What to produce:
Every line in the records below between the one holding "Hon. William H." and the one holding "Női sweatshirt Superdry, Méret", inclusive, is to be set down exactly; all other lines are to be left out.

Given data:
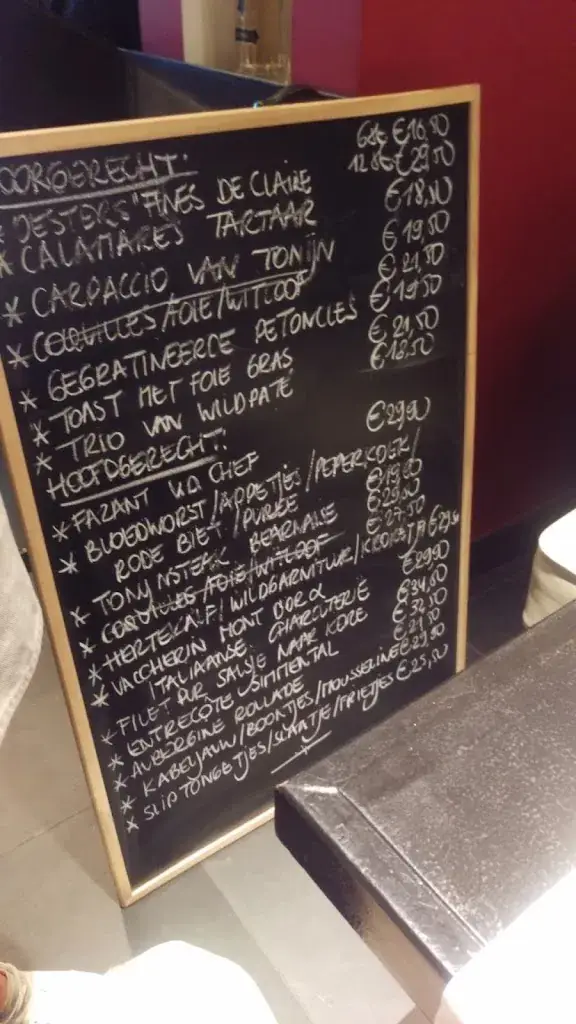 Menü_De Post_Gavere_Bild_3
* * *
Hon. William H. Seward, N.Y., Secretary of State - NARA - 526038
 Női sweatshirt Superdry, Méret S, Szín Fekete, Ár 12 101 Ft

Answer section:
Hon. William H. Seward, N.Y., Secretary of State - NARA - 526038
 Női sweatshirt Superdry, Méret S, Szín Fekete, Ár 12 101 Ft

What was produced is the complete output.